Good rulers of men will also exercise their authority over the animal kingdom. In a recent podcast, Pastor Sam Emadi argued that King Solomon was depicted as a new Adam, re-establishing an Eden-like domain that reached to the Euphrates River (Genesis 2:14, 1 Kings 4:24) and was full of gardens (Ecclesiastes 2:4-6). Adam’s dominion was “primarily communicated in terms of his relationship to the animal kingdom,” he said, and Solomon’s table was supplied with seven kinds of animals (1 Kings 4:23), a number corresponding to the days of creation. Solomon was not a perfect ruler — no fallen human will be — but Israel prospered under him (1 Kings 4:20) as he used his authority over both men and beasts well.
Even before Solomon, Emadi added, Saul and David handled animals differently. Before he became a self-centered, paranoid tyrant, Saul could not find his father’s donkeys (1 Samuel 9:3-5). In contrast, David “did what was right in the eyes of the Lord and did not turn aside from anything that he commanded him all the days of his life, except in the matter of Uriah the Hittite” (1 Kings 15:5). Before he ascended the throne, he kept sheep and risked his own life to deliver them from lions and bears (1 Samuel 17:34-36). “The good shepherd lays down his life for the sheep” (John 10:11).
Principle
The principle at work in these narratives of ancient kings is that rulers who use their authority over men well also use their authority over animals well, while rulers who fail to use their authority over men well also fail to use their authority over animals well.

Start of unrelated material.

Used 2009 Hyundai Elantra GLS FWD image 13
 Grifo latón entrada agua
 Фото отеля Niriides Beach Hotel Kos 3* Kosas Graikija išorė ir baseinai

This principle comports with Jesus’s parable of the talents, in which the master rewards the faithful servants, saying, “You have been faithful over a little; I will set you over much” (Matthew 25:21, 23). Paul reasoned similarly when requiring that church elders “must manage his own household well, with all dignity keeping his children submissive, for if someone does not know how to manage his own household, how will he care for God’s church?” (1 Timothy 3:4-5). Someone who can’t do a small task well is not a good candidate to do a larger version of the same task.
Are you looking for someone capable of handling great authority and responsibility, and doing it well? Look to those who have conducted themselves commendably with a little authority or responsibility. If someone can’t be trusted with a little responsibility, it isn’t wise to trust them with more. If you wouldn’t trust someone to pull his or her weight in a group project, or walk your dog, or babysit your child, then you shouldn’t trust that person as church treasurer, mayor, or senator.

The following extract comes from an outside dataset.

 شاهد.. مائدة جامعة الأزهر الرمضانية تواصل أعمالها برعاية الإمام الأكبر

This is why a seemingly trivial issue, like how people manage their household pets, can provide a window into how they would or do handle the nation’s top elected positions. If someone cannot restrain his dog from biting his own security detail, how would he respond as commander-in-chief to a brazen foreign adversary determined to attack a vulnerable ally? If someone shoots a 14-month-old dog as “untrainable,” how would she respond as negotiator-in-chief when congressional leaders refuse to give her legislative victories? Good rulers of men will also be good rulers over the animal kingdom.
Joshua Arnold is a senior writer at The Washington Stand.